- Born: Maria Petronella Carsten 3 September 1893 Roermond, The Netherlands
- Died: 11 September 1982 (aged 89) Middelburg, The Netherlands
- Known for: Painting

= Mies Callenfels-Carsten =

Dutch artist

Mies Callenfels-Carsten (1893-1982) was a Dutch painter.

==Biography==
Callenfels-Carsten was born on 3 September 1893 in Roermond. She studied at the Koninklijke Academie van Beeldende Kunsten (Royal Academy of Art, The Hague). Her instructors included David Bautz, Henk Meijer (kunstenaar) and Albert Roelofs. Callenfels-Carsten was married twice. Her first husband was dr. J.N. Voorstad MD (1884-1960). Her second husband was vice-admiral J. Callenfels (1896-1961).
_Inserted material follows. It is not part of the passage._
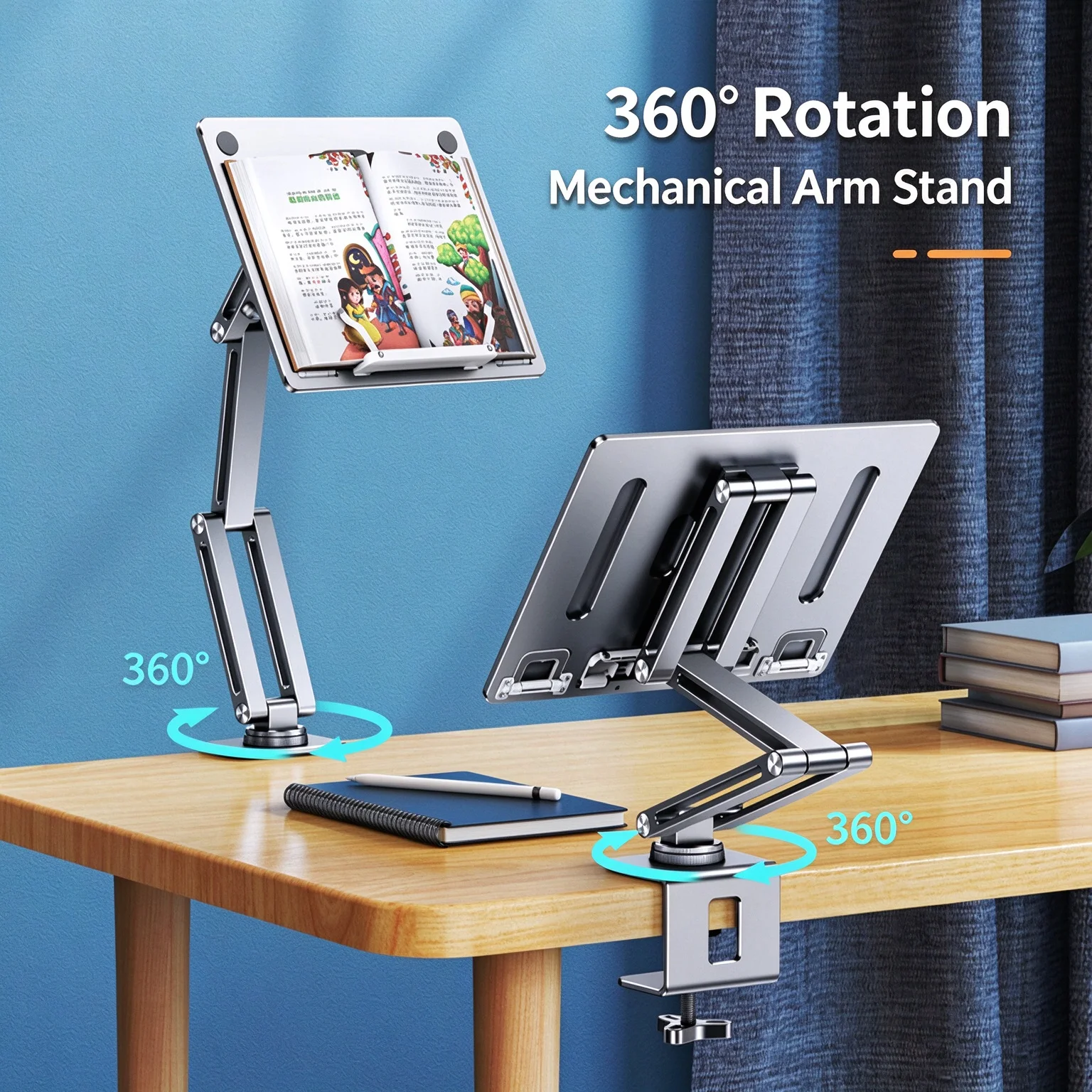 360° Rotating Laptop Stand Clamp Tablet Hightening Support Holder Aluminum Alloy Book Bracket Desktop Bed Lazy Stand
Callenfels-Carsten was a member of the Pulchri Studio, the Haagse Kunstkring, (The Hague Art Circle), the Kunst zij ons doel ("Art be our aim"), and the Bataviasche Kunstkring (the Bataviasche Art Circle). Her work was included in the 1939 exhibition and sale Onze Kunst van Heden (Our Art of Today) at the Rijksmuseum in Amsterdam. After her husbands retirement in 1956 she lived and painted in Veere (Zeeland) as an important member of the Veere Artists' Colony. She was the last of the nine so called Veerse Joffers, female artists who lived in Veere between 1907 until 1992.

Callenfels-Carsten died on 11 September 1982 in Middelburg.